As a 3G UMTS handset, the SGH-A777 supports AT&T's Cellular Video service, which offers streaming-video content, and AT&T Mobile Music, which brings wireless song downloads through partners. The experience with the two applications is similar to that on other AT&T phones; both are minimalist in their designs, but the music player supports a wide variety of file formats (MP3, AAC, eAAC+ and WMA) and it offers useful features, such as album art, playlists, and shuffle and repeat modes. The A777 also has a solid selection of music-related features, such as support for XM Radio Mobile, a Music ID application, a Billboard Mobile channel, music videos, and a community section with access to fan sites and downloads.
The SGH-A777's 1.3-megapixel camera takes pictures in three resolutions (1,280c960, 640x480 and 320x240). Editing features are pretty standard for a 1.3-megapixel shooter; they include three quality settings, brightness and white balance controls, a night mode, a self-timer, a 3x zoom (not available at the highest resolution), three color effects, 20 fun frames, three shutter sounds, and a silent option. What's more: you can use panorama, multishot, and mosaic shot modes. The camcorder takes clips in a 176x144 resolution with sound; editing options are similar to the still camera, if a bit slimmed down. Clips meant for multimedia message are capped at about 3 minutes, but you can shoot for longer in standard mode.

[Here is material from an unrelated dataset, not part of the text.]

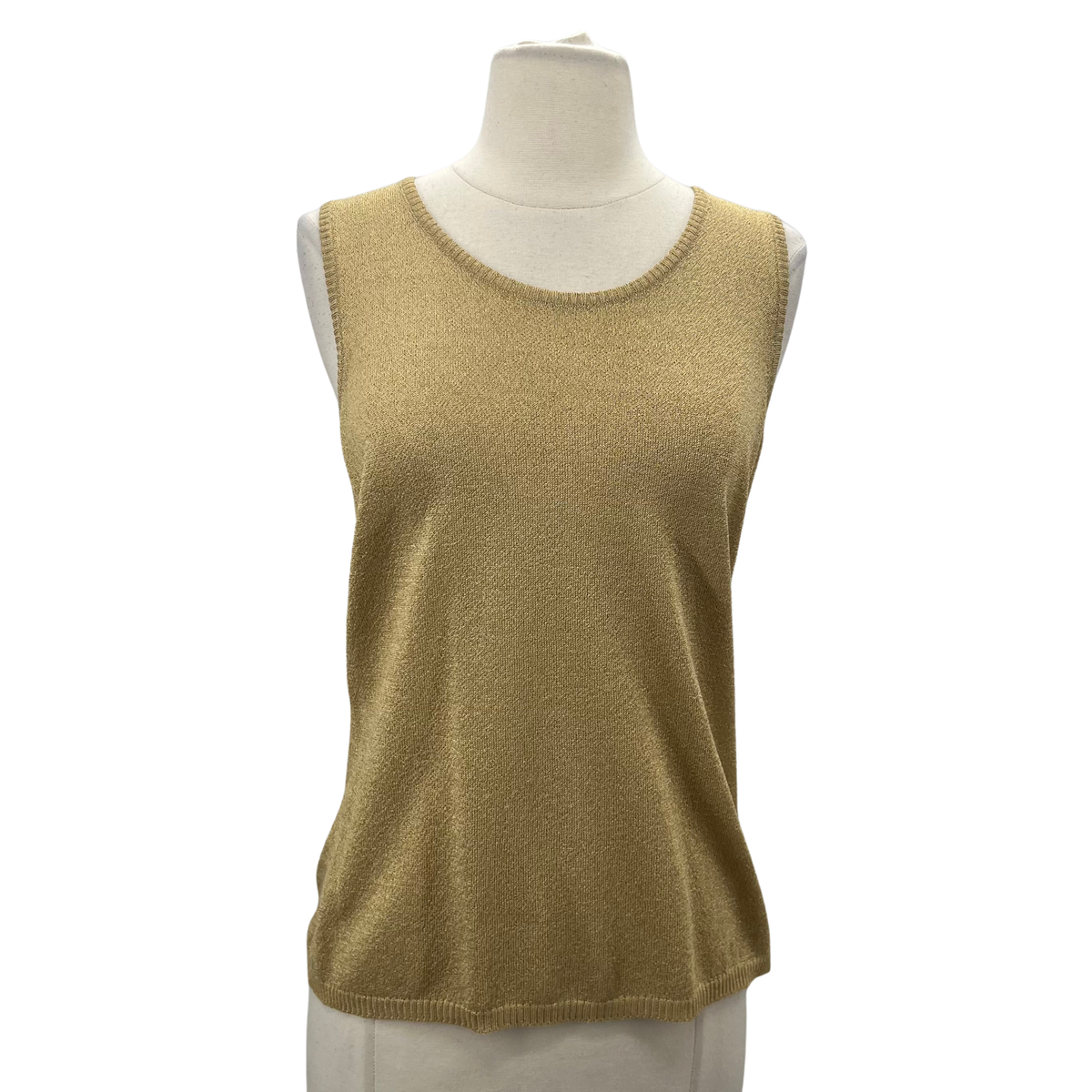 Max Mara Bronze Twin Set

Photo quality was above average for a 1.3-megapixel shooter. Colors were relatively bright and our images were in focus. There was a bit of image noise, but it wasn't overwhelming. Just keep in mind that without a flash you will need sufficient in-room light. The SGH-A777 has a self-portrait mirror, which is located on the back of the slider along with the camera lens. You will to have the phone open to take pictures
You can customize the SGH-A777 with a variety of background colors and wallpapers and you can type a personalized greeting. If you want more options, and additional ringtones, you can download them from AT&T's Media Mall service. The SGH-A777 comes with demo versions of three games: Diner Dash 2, Tetris, Guitar Hero III, and Ms. Pac-Man. You can buy the full versions and additional titles from AT&T. And for even more fun, the SGH-A777 has trial apps for WikiMobile, Mobile Banking, MobiTV, and My-Cast Weather.

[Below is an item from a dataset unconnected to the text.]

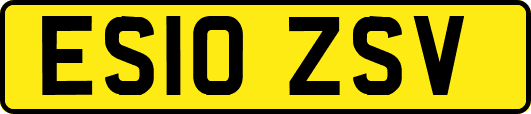 ES10ZSV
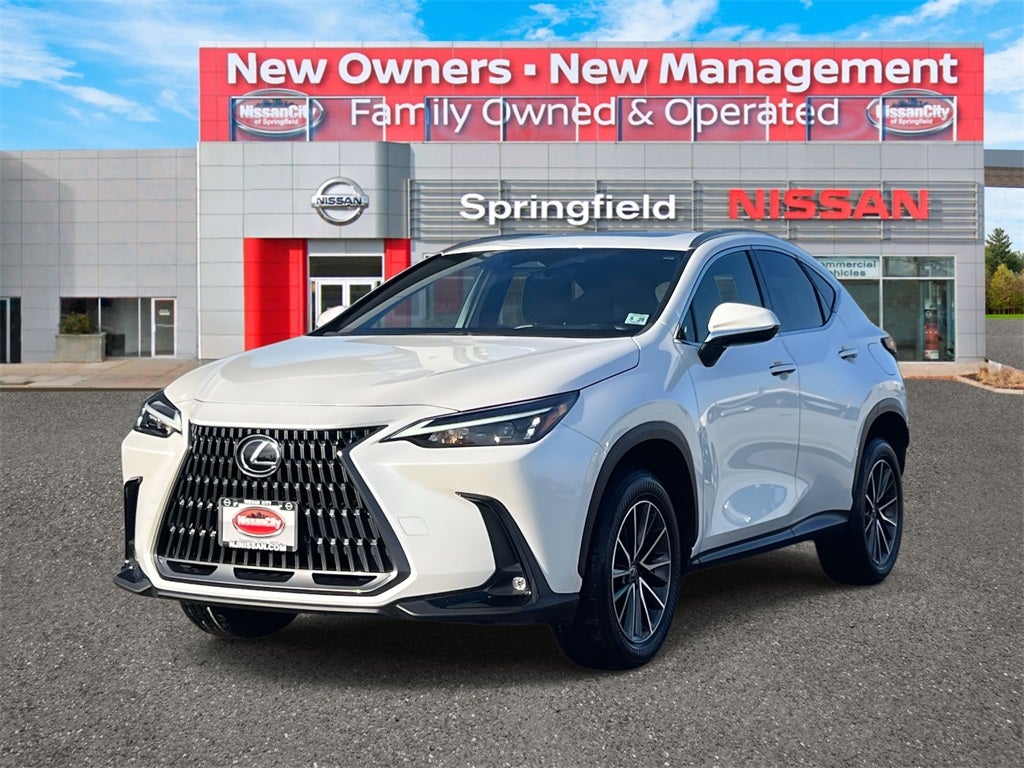 2024 Lexus NX 250 Base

We tested the quad-band, dual-mode (GSM 850/900/1800/1900; UMTS 850/1800) Samsung SGH-A777 world phone in San Francisco using AT&T service. Call quality was decent by most accounts. On the upside, the signal was clear and free of static and we didn't encounter any interference from other electronic devices. On the downside, the volume was somewhat low and some of our callers sounded a bit breathy. If you have hearing impairments you should try this phone before buying. Indeed, we had some trouble hearing when we were in very noisy environments.
On their end, callers said we sounded fine most of the time. They could tell we were using a cell phone, but most reported no significant issues. Similar to our experience, a few of our friends had trouble hearing us when we were in noisy places. Speakerphone calls were about the same. We could carry on a conversation as long as we spoke close to the phone. As with regular voice calls, the volume could be louder. On the upside, it is very easy to activate the speakerphone during a call. Bluetooth headset calls were satisfactory.
The SGH-A777 has a rated battery life of 4.5 hours and 12.5 days standby time. It has a tested talk time of 3 hours and 16 minutes. According to FCC radiation tests, the SGH-A777 has a digital SAR rating of 1.19 watts per kilogram.